The Russian state in many ways has made it easy. It makes for the perfect villain. A history of repression and mass murder at home and abroad, of backing tyranny, and jailing and assassinating dissidents makes it hard to empathise with. And in Vladimir Putin, the former KGB agent (which itself carries nefarious undertones, thanks to Hollywood), the villainy easily becomes personalised. On the other hand, there is Volodymyr Zelenskyy, the comedian who became president and is now the embodiment of Ukrainian (and by extension, Western) bravery and grit in the face of insurmountable odds.

It is not that I am not horrified and repulsed by the Russian invasion, and particularly by the horrendous impact it is having on ordinary people. It would be inhuman to fail to empathise with the suffering imposed on Ukrainians and people of other nationalities. In fact, that should go without saying. But that we are compelled to state so unambiguously or risk being branded Kremlin apparatchiks, speaks to the enforced compliance with the single, simplified story of good vs evil. It is a story that will not countenance complexity. The Russians cannot have any legitimate grievance (even when one disagrees with their gruesome methods) and the Ukrainians’ faults are either airbrushed out or minimised.

Thus, the media does not dwell too much on the many warnings about what the expansion of NATO would unleash. Neither is too much ink spilt on the systemic racism displayed by the Ukrainian state which, even in its hour of dire need, has problems acknowledging the humanity of non-Europeans. When not dismissed out of hand, the complaints by foreign students are given short shrift in the media. Similarly, while denouncing the distortions of truth and lies in the Russian state press, Western media seems happy to excuse similar distortions and lies from Ukraine’s media-savvy government.
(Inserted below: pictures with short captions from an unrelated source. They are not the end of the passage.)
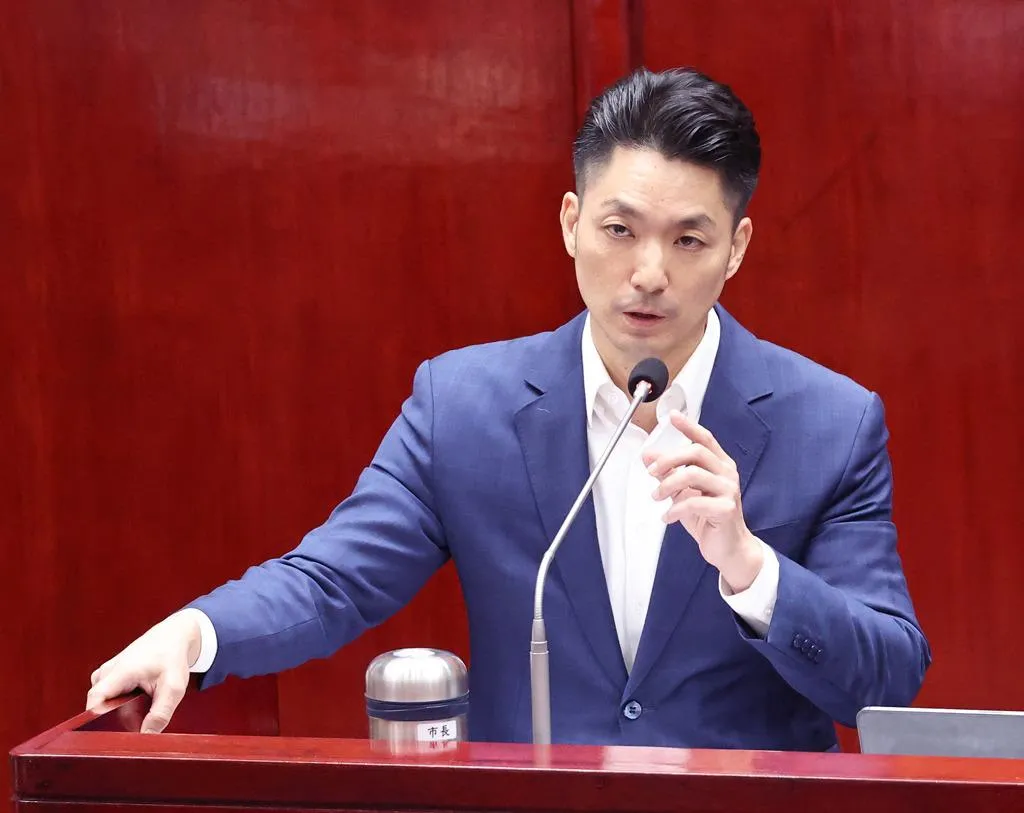 「政客爽」怒批，蔣萬安兒子又不像賴瑞隆兒子跑去打人，也不像徐佳青小孩開後門去軍事管制區東沙島被監察院認定觸法。（圖/資料照）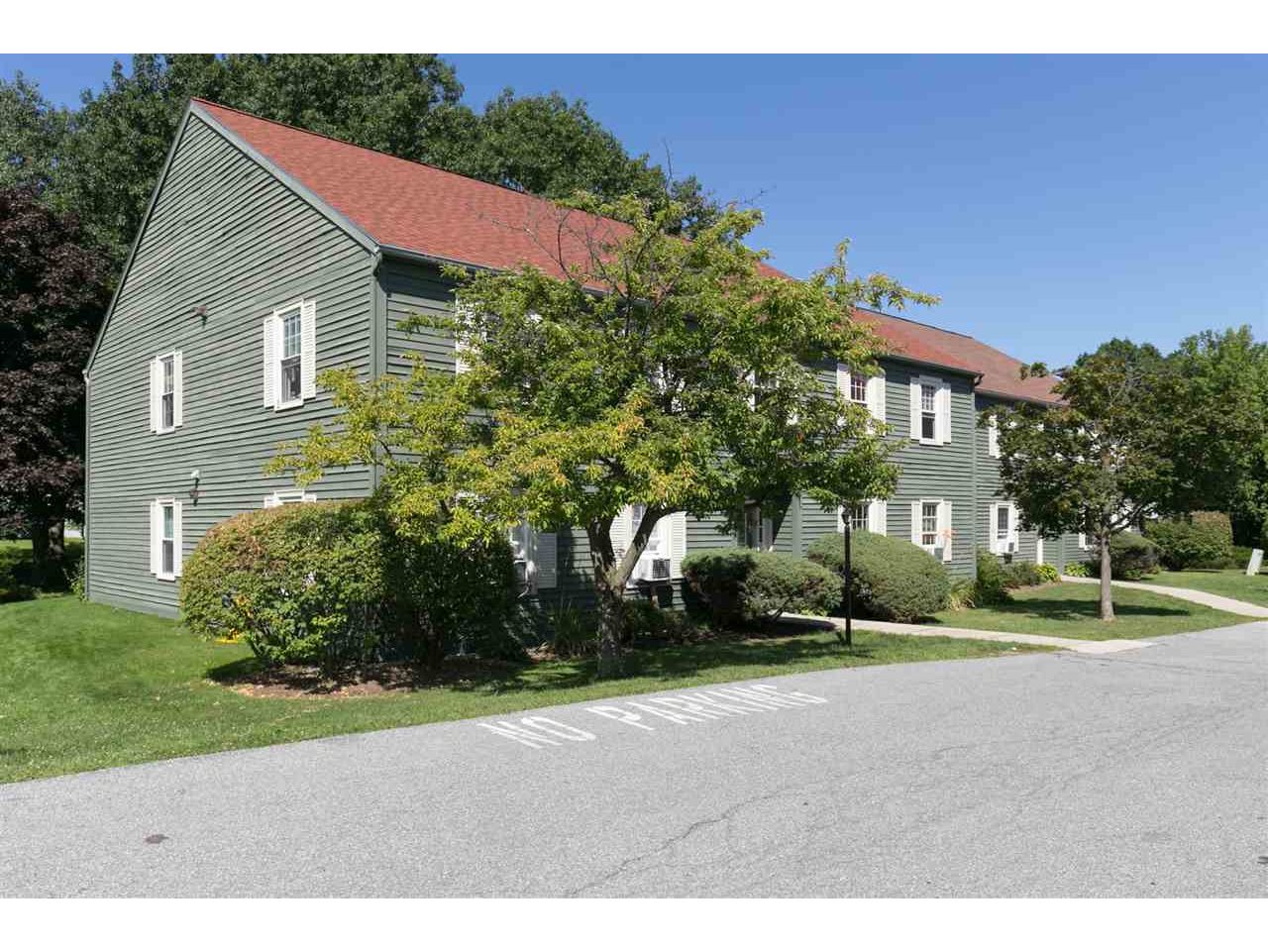 37 Twin Oaks Terrace, Unit 37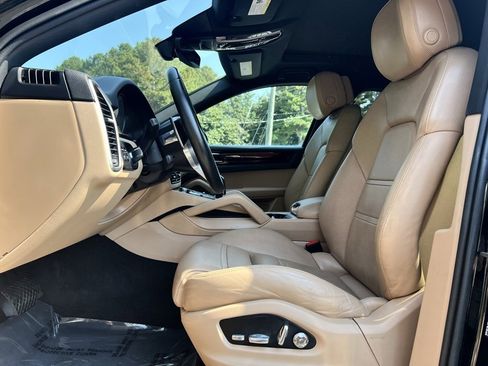 Used 2021 Porsche Cayenne Coupe image 23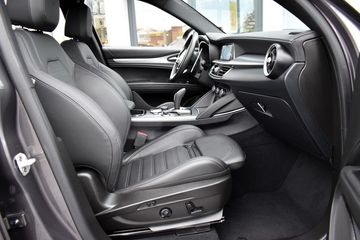 Alfa-Romeo Stelvio - 11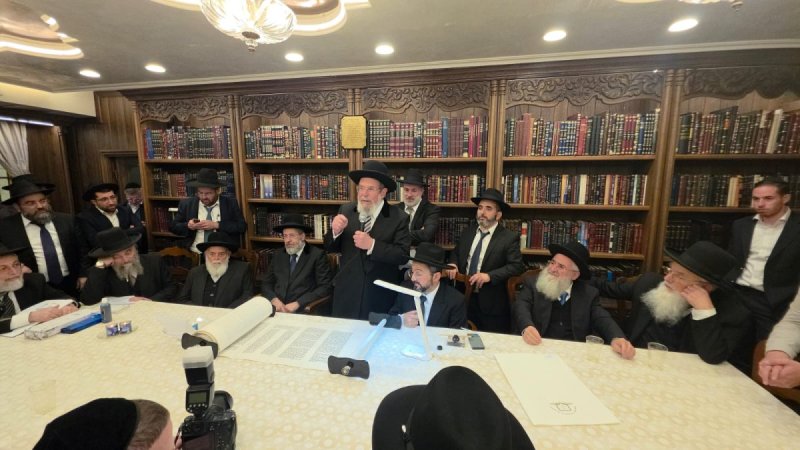 באדיבות המצלם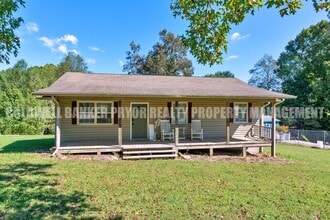 Building Photo - 150 Scenic Dr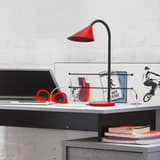 Lampe de bureau LED à bras flexible SOL UNILUX - Lampe de bureau LED à bras flexible UNILUX SOL rouge, en situation sur un bureau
Violations of the laws of war by Russians are condemned while justifications are sought for Ukrainian videos of Russian PoWs and for images of children being trained to fight.

The establishment and enforcement of a single media narrative from which any departure is strongly discouraged is, of course, nothing new. During the 2003 US invasion of Iraq, which was just as objectionable and bloody as the Russian invasion of Ukraine, reporter Peter Arnett was fired for “grant[ing] an interview to state-controlled Iraqi TV, especially at a time of war,” and “discuss[ing] his personal observations and opinions in that interview.” As reported in The Guardian, Arnett had said in the interview that his Iraqi friends told him there was a growing sense of nationalism and resistance in response to the “nauseating” actions of the American and British invaders. Sound familiar?

The world is a complex place. Just because a people are victims of a horrible crime does not mean they cannot themselves do terrible things. By erasing the complexity and trying to replace it with a tale of pure Ukrainians and debased Russians, Western media is creating what Nigerian writer Chimamanda Adichie famously called “the single story”. Power, she says, is the ability not just to tell the story of another person, but to make it the definitive story of them. “Show a people as one thing, as only one thing, over and over again, and that is what they become”.

The problem with a single story is not that it is necessarily false. Many of the media reports coming out of Ukraine are true. However, they ignore complexity and doing that distorts rather than explains the world, its conflicts and its contradictions. The media’s attempts to establish a single story of the conflict are about power, not truth. That’s why I find the coverage so disturbing. The reports are not news. They are morality tales posing as the news.

The views expressed in this article are the author’s own and do not necessarily reflect Al Jazeera’s editorial stance.